Howard Phillips, on his blog “Saving School Math” proposed a real life geometry problem that proved harder to solve than it first appeared. I love to banter about mathematics education with Howard. We agree on some things about math education and disagree on other things, most likely because his background is in higher ed and mine is in K-12 ed. Nevertheless, the back and forth is always interesting.
Howard hails from from England and was a senior lecturer in mathematics and more at the University of Huddersfield. He retired from teaching in 2004 and moved to Puerto Rico with his wife, who is the director of the Western Ballet Theater.
I suspect that this real life geometry problem was somehow related to his building a stage prop for the next ballet performance.
Here’s Howard’s problem:
While designing a system for connecting “educational” cubes together I figured that the holes in the faces had to be positioned very carefully. To achieve what I wanted the holes had to be positioned with length a equal to length b, and length c had to be twice the length a.
So what is length a, as a fraction of the side of the cube ?
Howard wrote back and challenged me: “And now without trigonometry…”
I took the challenge. After several messy hand-drawn diagrams, I created the shape on GeoGebra and messed around for a long time, getting nowhere. I concluded that the length of the side of the square consisted of 6 copies of length “a” plus 2 copies of a length shorter than “a”. I couldn’t figure out the value of the shorter length nor how it was related to “a” . I was wondering if somehow phi was involved, but this was late at night, so visions of sugarplums and phi were dancing in my head. It would not make sense for phi to be involved with something so static and “non-growthy”. Phi is often involved in nature, but rarely in stage props.
To get an idea of how far flung my messing around took me, check out the image below of the GeoGebra mess. This is where I noticed the 6 copies of length “a” plus 2 copies of a length shorter than “a”. If you look at the horizontal lines cutting the vertical sides of the square, you will see along the vertical sides the 6 equal lengths and the 2 smaller equal lengths. You will also notice the octagon that informed a later solution.
Howard wrote me back with a BIG HINT. He used the fact that an angle bisector in a triangle divides the opposite side into lengths proportional to the two sides. He wrote down the first few lines. I would like to say that I immediately jumped on his idea and came up with my own solution. However, if I said that I would be lying! I labored over hand-drawn diagrams. Then I decided that I would again use GeoGebra to create a a simpler diagram than the one you see above, but one that I could print out and mess around with.
Creating the clean GeoGebra diagram was helpful in allowing me to really wrap myself around the problem. It made it easier to follow Howard’s approach and finally get the same answer that I got with trig. Rather than let the side length of the square be x, I set the length of the side of the square to be 1 unit (whatever unit that may be).
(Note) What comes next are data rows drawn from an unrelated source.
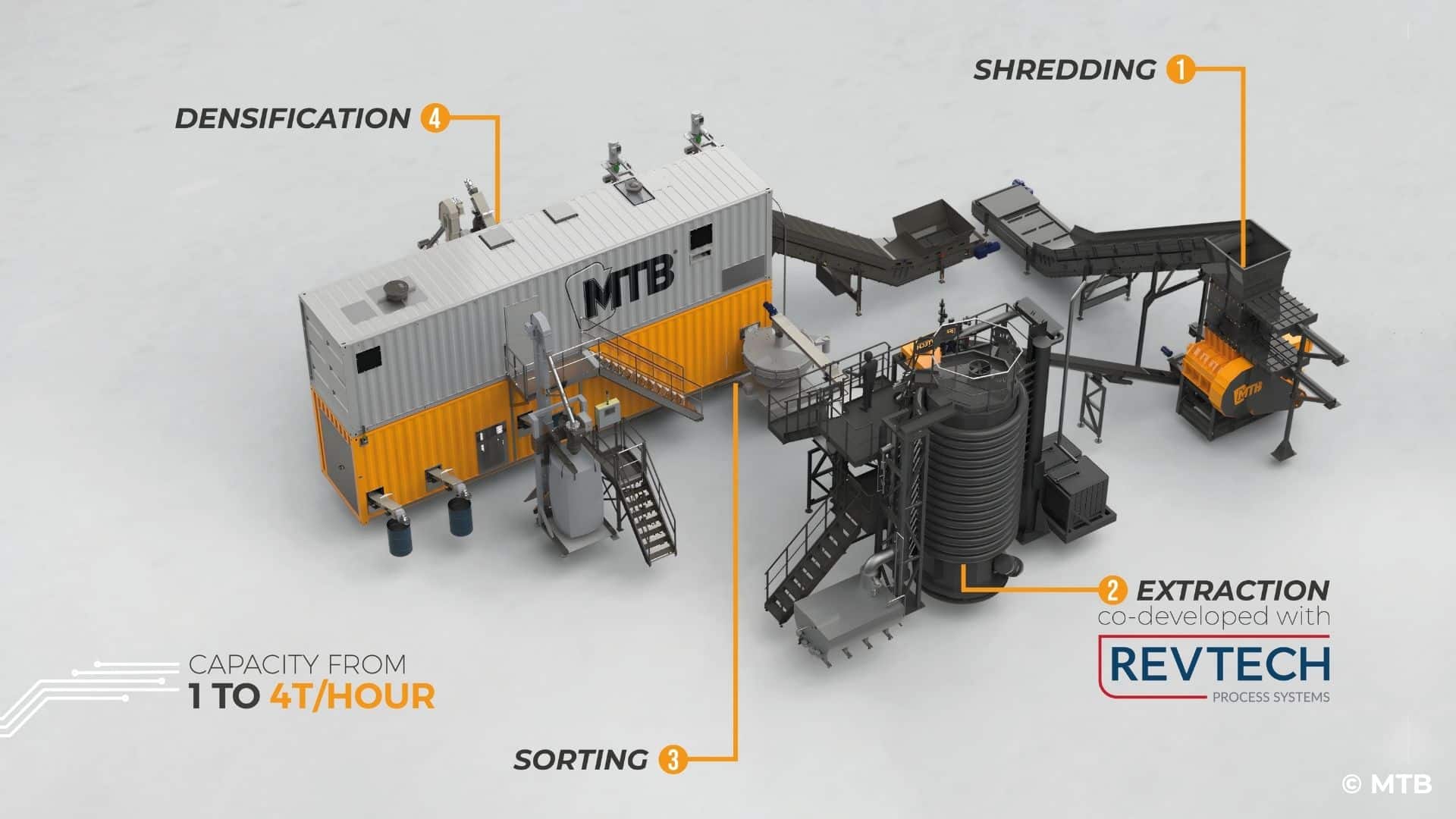 Lithium-ion car batteries recycling process, MTB Recycling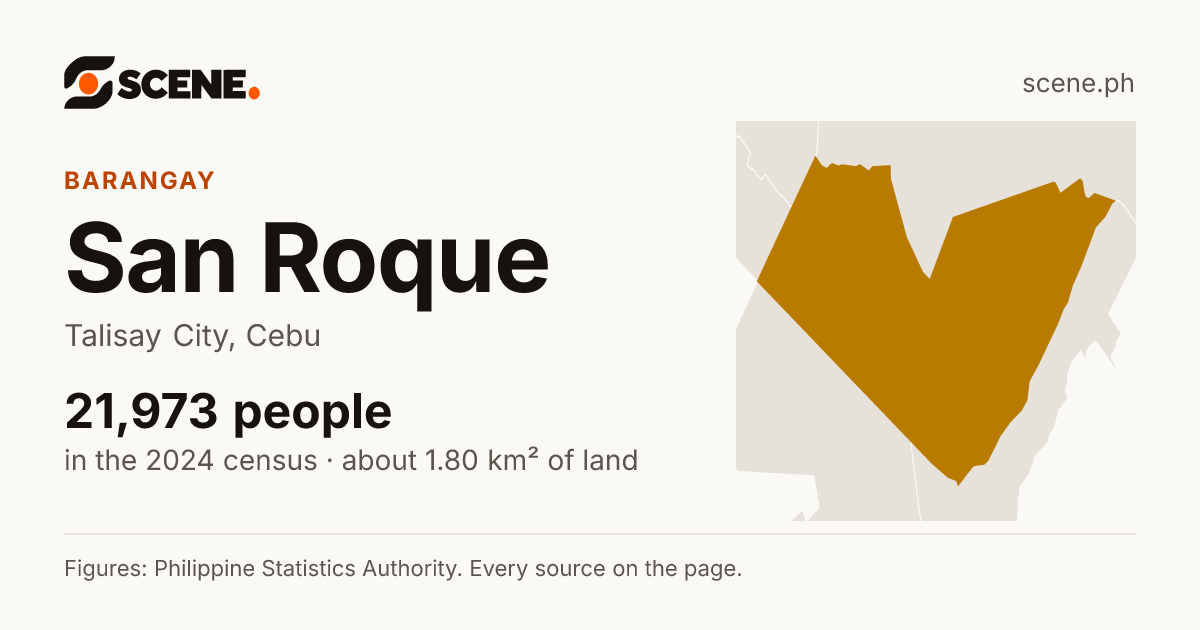 San Roque, Talisay City, barangay: 21,973 people in the 2024 census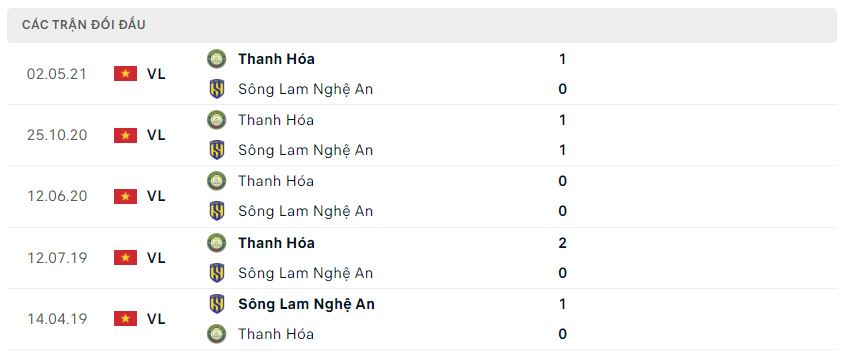 Nhận định, nhận định SLNA vs Thanh Hóa, 18h00 ngày 7/8 - V-League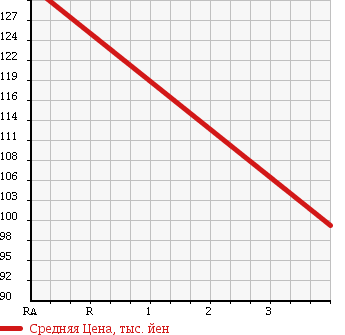 Аукционная статистика: График изменения цены TOYOTA Тойота  SUCCEED WAGON Саксид Вагон  2009 1490 NCP51V U в зависимости от аукционных оценок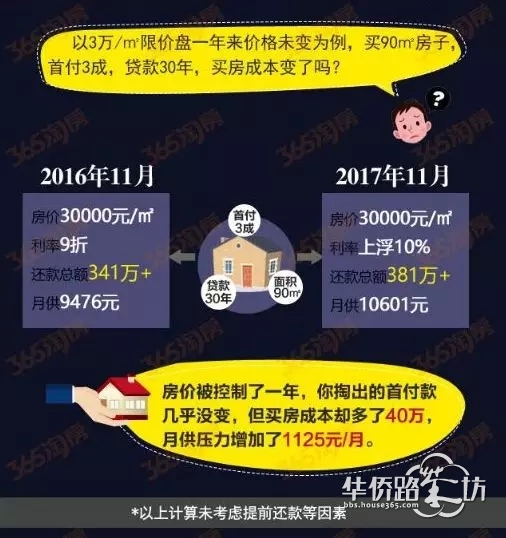 【互动话题】南京人平均月供1.5万!面对如此大的购房压力,今年你还会呆在南京吗? 【互动话题】南京人平均月供1.5万!面对如此大的购房压力,今年你还会呆在南京吗?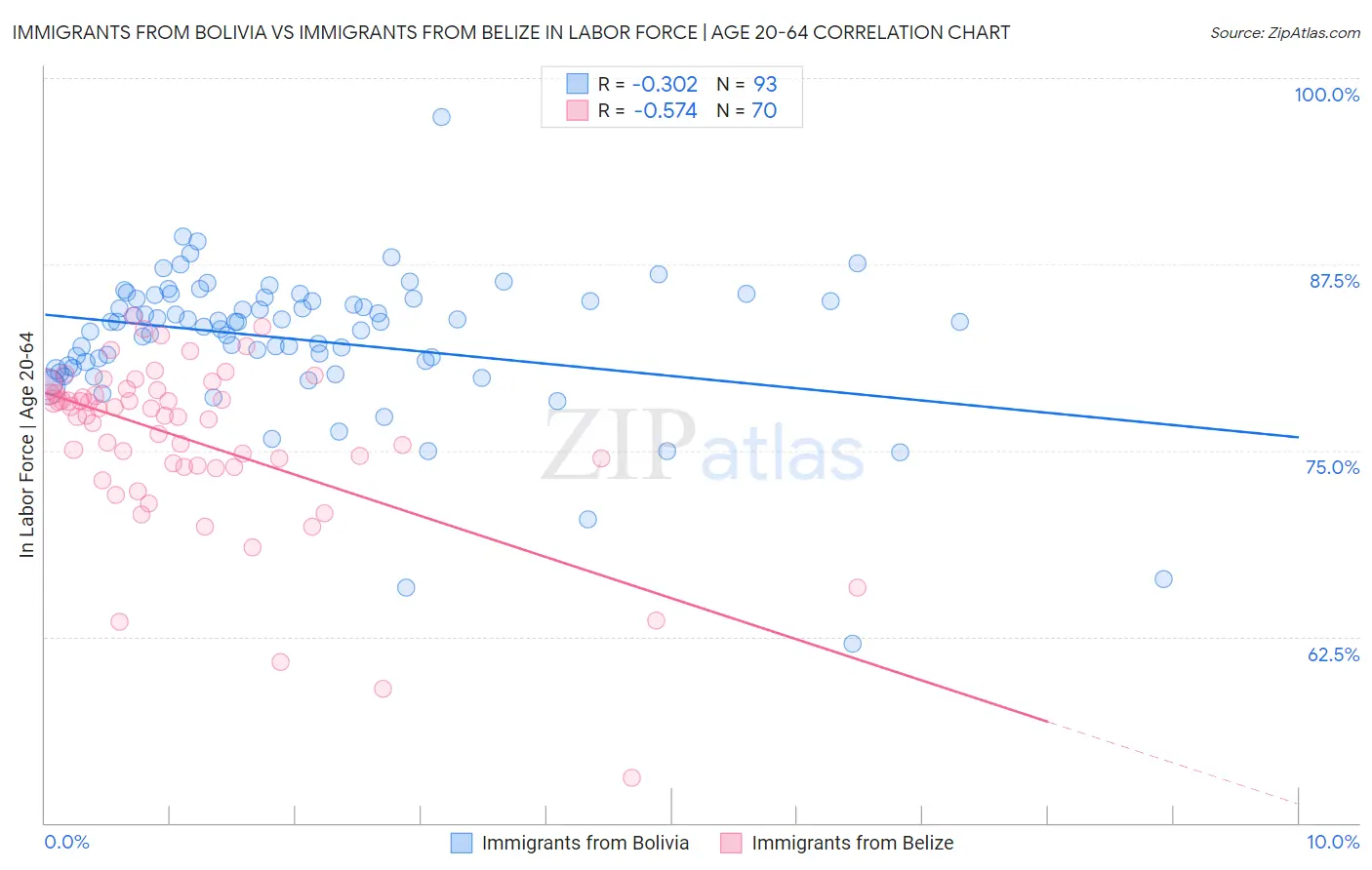 Immigrants from Bolivia vs Immigrants from Belize In Labor Force | Age 20-64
This allowed me to not worry about yet another variable.
Here’s my work using Howard’s approach of the angle bisector:
I had not forgotten about the octagon formed from the 8 holes, so decided to try out a solution using it. I got the same answer as I got using trig and using Howard’s angle bisector: If the side of the square is 1 unit, then “a” = 0.14644 units.
While solving it this way, I was reminded of my discovery the night before. I had noticed that the side of the square had a length that consisted of 6 copies of length “a” plus two shorter lengths, but I had no idea what the shorter lengths were or how they were related to a.
The relationship became clear when I broke up the top of the square into different lengths. It’s easy to see on the top edge that there are 4 copies of length “a” plus 2 copies of length “(sq rt 2)a”. Square root 2 is approximately 1.414. So the 2 copies could be expressed as having length “1.414 a” units, which could also be written as “(1 + .414) a”, which is the same a “1a + .414a”. We have two of these lengths of “1a + .414a”, so now we have the other 2 copies of “a” to make “6a” and we have the 2 copies of the shorter length, which we now know each have a length of .414 units.
This is a great example of showing how dead-ends like I thought I had during my late night playing around with GeoGebra actually informed my final geometric solution. Not only that, but my finally geometric solution verified my observation that the side consisted of 6 copies of length “a” plus two shorter lengths. I figured out the shorter lengths!
Now I am inspired to pull off the cobwebs of a post I started writing in 2013 about a “multiplication machine” at MoMath in NYC. Thank you, Howard, for helping me get my blog post mojo back!